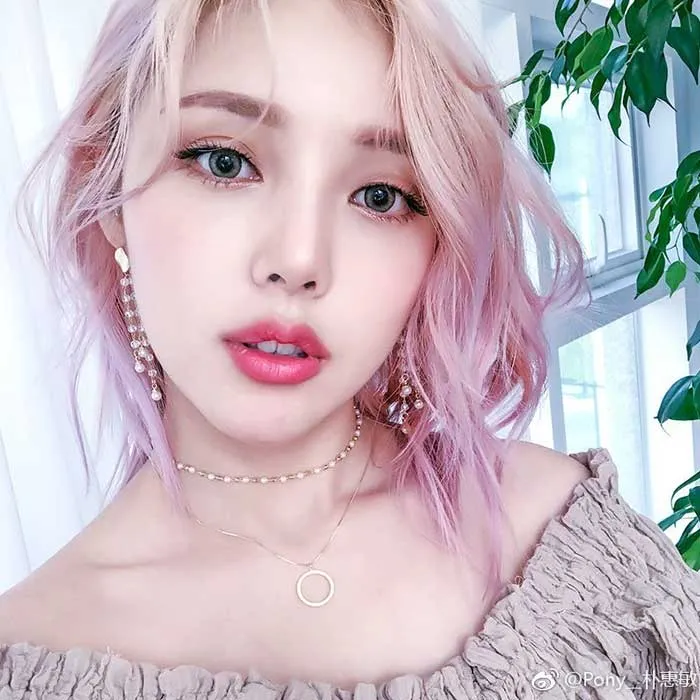 20 beauty blogger review mỹ phẩm tận tâm nổi bật Việt - Hàn -Trung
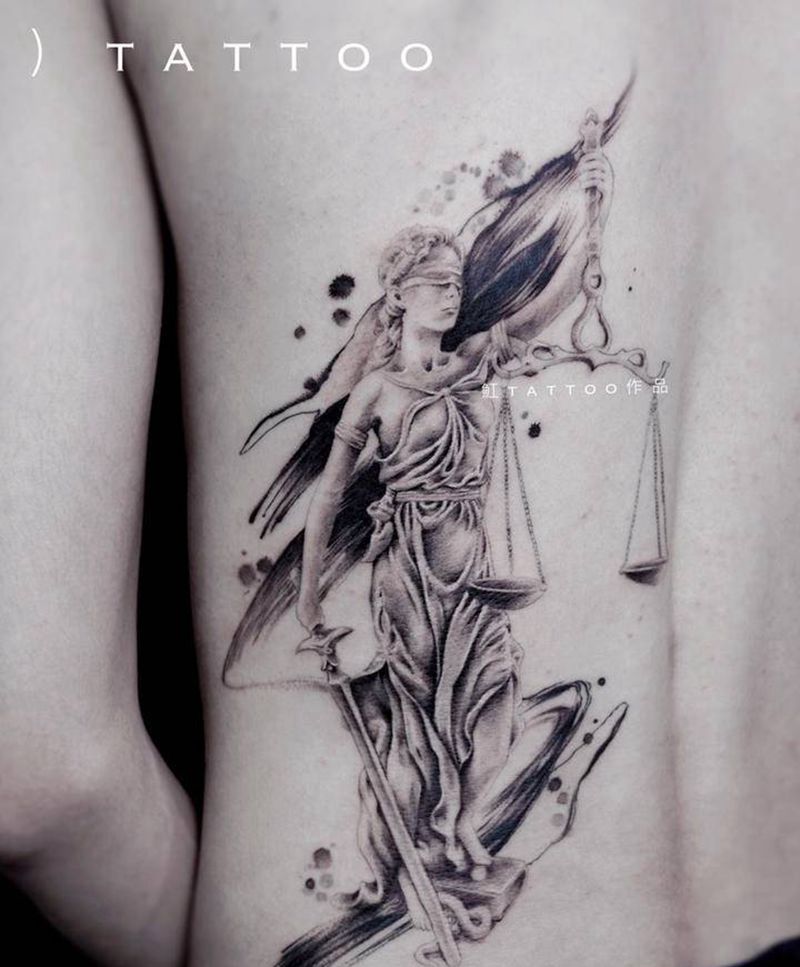 忒弥斯Themis纹身图片_背部腰部欧美写实水墨忒弥斯雕像水墨纹身图案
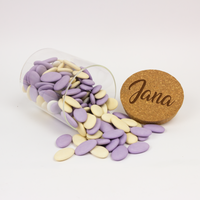 Glazen uitdeelpot met kurkstop en gravering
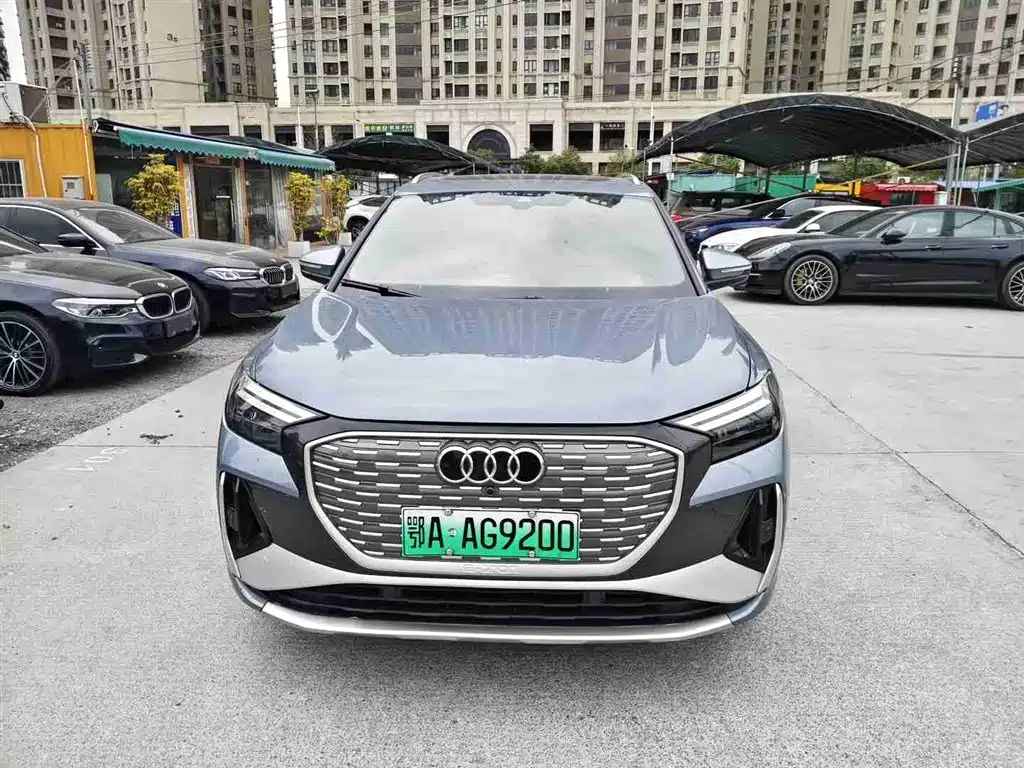 Audi Q4 e-tron 2023 — фото 1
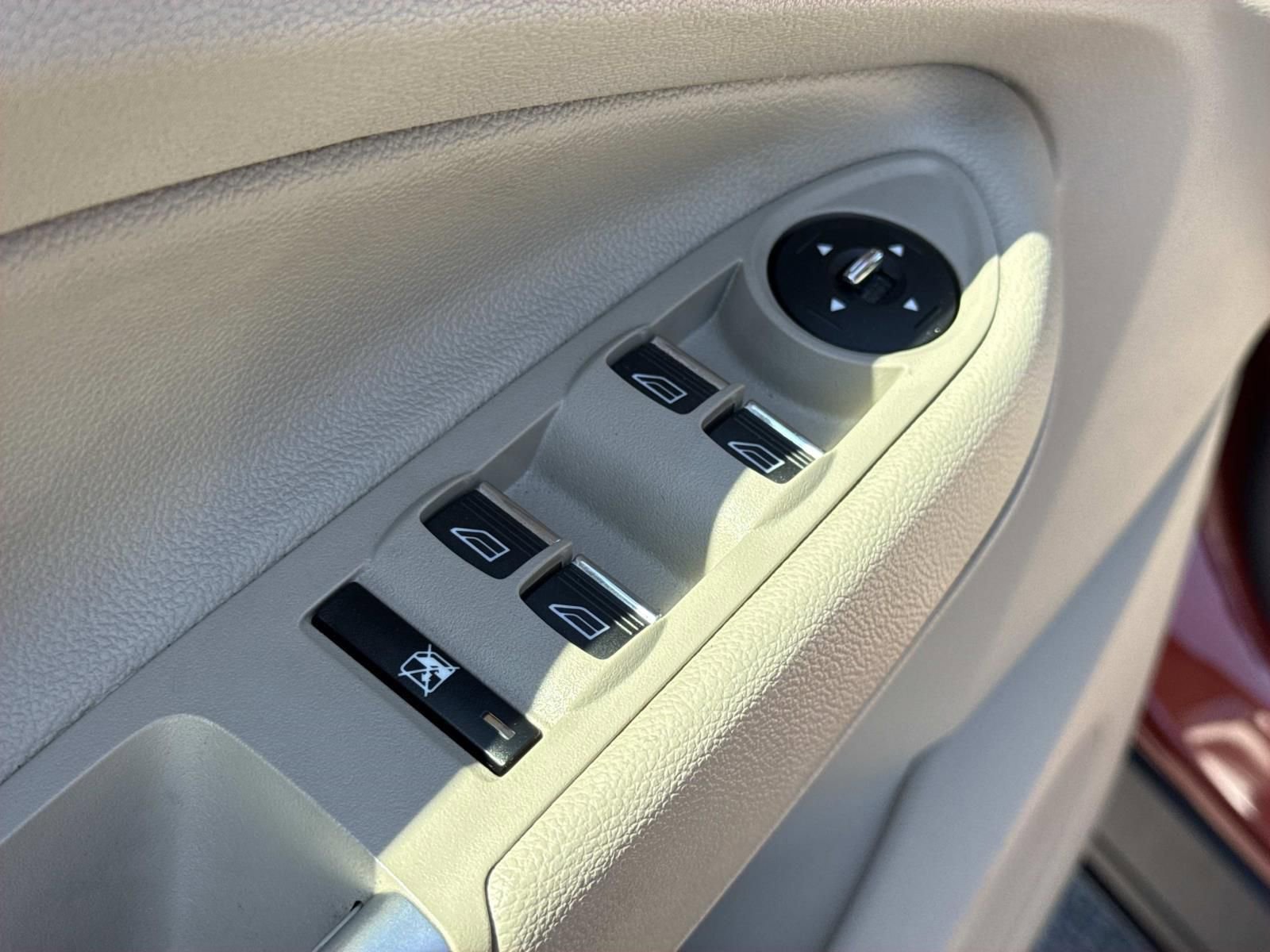 Used 2016 Ford Escape SE w/ SE Leather Comfort Package image 21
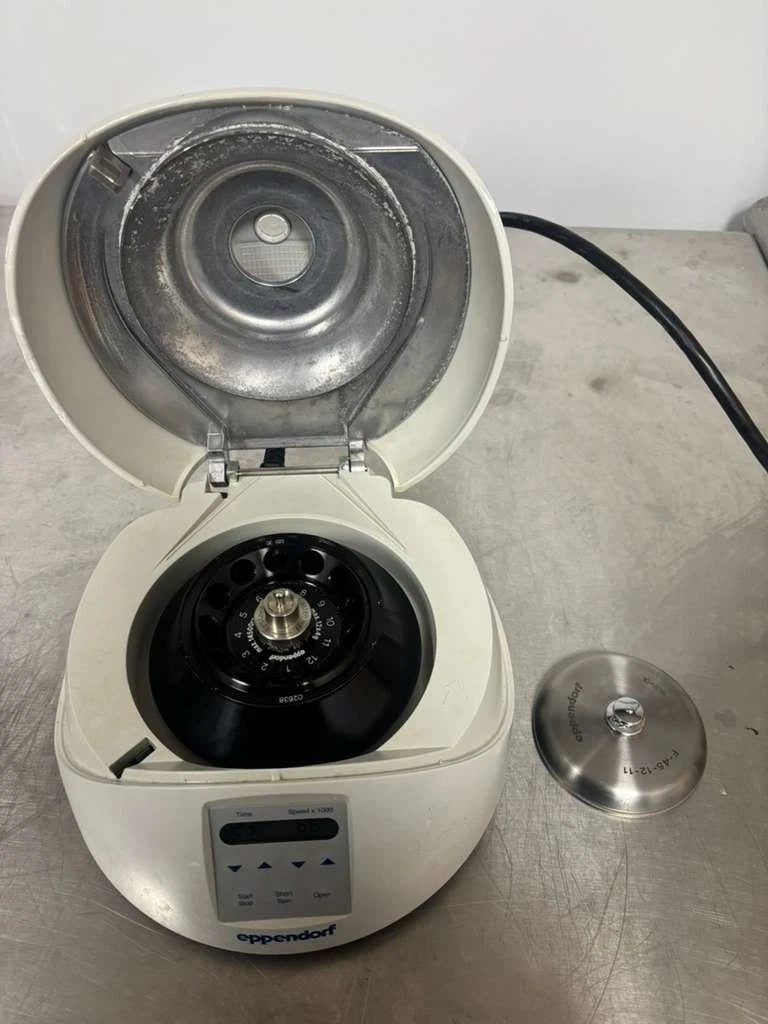 Eppendorf AG Mini Spin Plus 5453 Centrifuge, 22331 Hamburg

****************************************

#### [What the task asks]
Write out every record exactly. Leave the pictures out.

#### [Exercise response]
 20 beauty blogger review mỹ phẩm tận tâm nổi bật Việt - Hàn -Trung
 忒弥斯Themis纹身图片_背部腰部欧美写实水墨忒弥斯雕像水墨纹身图案
 Glazen uitdeelpot met kurkstop en gravering
 Audi Q4 e-tron 2023 — фото 1
 Used 2016 Ford Escape SE w/ SE Leather Comfort Package image 21
 Eppendorf AG Mini Spin Plus 5453 Centrifuge, 22331 Hamburg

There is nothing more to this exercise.